Winter Weeds Winding Up

Winter Weeds Winding Up

Common annual cool season weeds in our area come up from the seeds of last winter. Deal with their arrival with these tips.

What a relief to have cool weather and periodic rains! But wait. What are those unsightly things sprouting in the garden beds and lawn? They’re cool season weeds that will grow, flower and spread seeds if left unchecked.

Common annual cool season weeds in our area include henbit, chickweed and bluegrass. These weeds came up from the seeds of last winter. Interrupting their life growth and seed production is the key to having a more attractive lawn next winter.

Here are a few strategies to get winter weeds under control.
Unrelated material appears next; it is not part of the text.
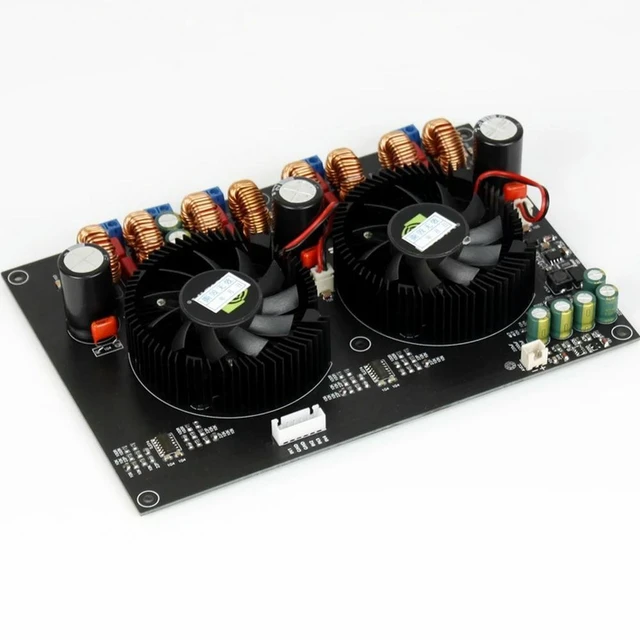 Alt view image 4 of 6 - WEILIANG TPA3255 300W*4 Power Amplifier Board 4-Channels Class D Digital Audio Amplifier HD DC24-48V High-1PCS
  1. Mulch to smother weeds. Freshen up garden beds with a new layer of mulch. Thicker mulch will discourage weeds. Those that do make it up through the mulch will be easier to pull. Try placing cardboard or layers of newspaper under the mulch in problem areas.
  2. When in doubt, yank them out. Removing weeds is much easier after it rains and less painful with thick garden gloves. Pull firmly at the base of the weed to get the whole root out of the ground.
  3. Cut weeds in lawn. As weeds start to flower, cut them frequently to prevent seed production.
  4. Use herbicides with caution. Identify the weeds before heading out to buy any herbicide. This ensures you’ll get the desired result without damage to desirable plants. Read labels carefully as weed control products should not be used casually.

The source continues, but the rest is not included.